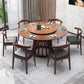 Wood Round Pedestal Dining Table Modern Dining Room Kitchen Home Furniture Walnut Without Chairs Clearhalo ' dining_table' 'Dining Tables & Seating' 'Dining Tables' 'furn' 'furn_dining_table' 'Furniture' 'furniture_dining_table' 'Kitchen & Dining Furniture' 'kitchen&dining_furn' 'kitchen' 'kitchen_dining_table' 4655214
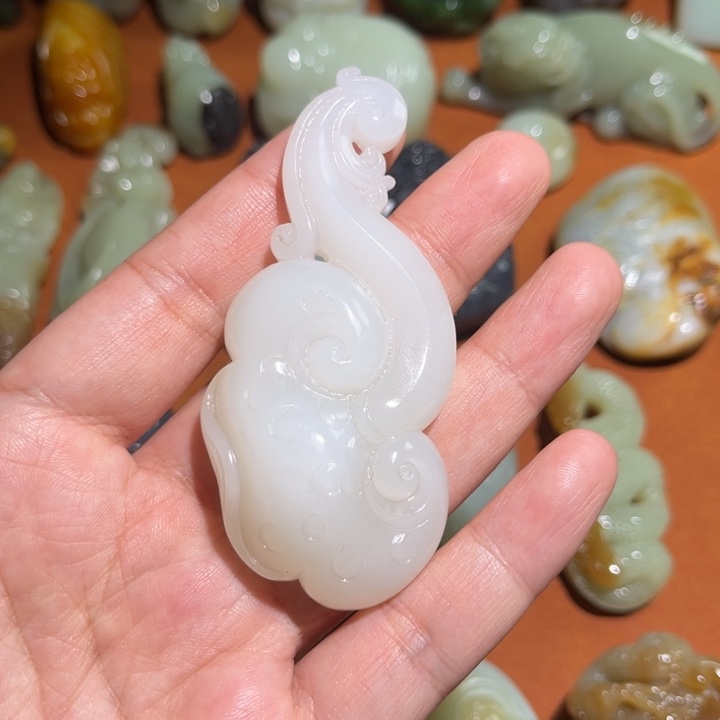 和田玉挂件未镶嵌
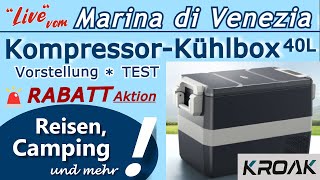 Wie gut ist die neue KROAK 40 Liter KompressorKühlbox TD40  Vorstellung  Test  RABATTAKTION 🚨 [upl. by Anitsrihc]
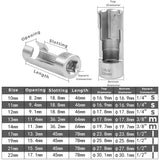 Open Oil Pipe Disassembly Sleeve Slotted Oxygen Sensor Wrench Flare Nut Socket Set Fuel Injection Hexagonal Repair Tool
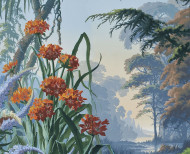 Papier peint panoramique L'Eden polychrome . 1861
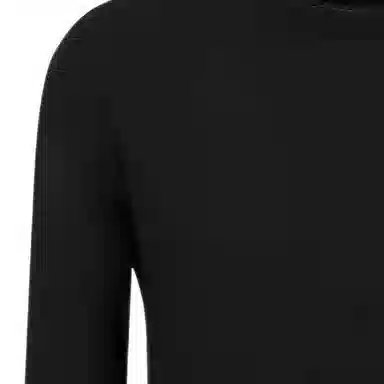 Emporio Armani FW22 Black Crewneck Long Sleeve Tee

** Work required **
Reproduce the lines from the one holding "Papier peint panoramique" through the end of the entries above exactly, keeping both ends and dropping every picture.

** Task result **
 Papier peint panoramique L'Eden polychrome . 1861
 Emporio Armani FW22 Black Crewneck Long Sleeve Tee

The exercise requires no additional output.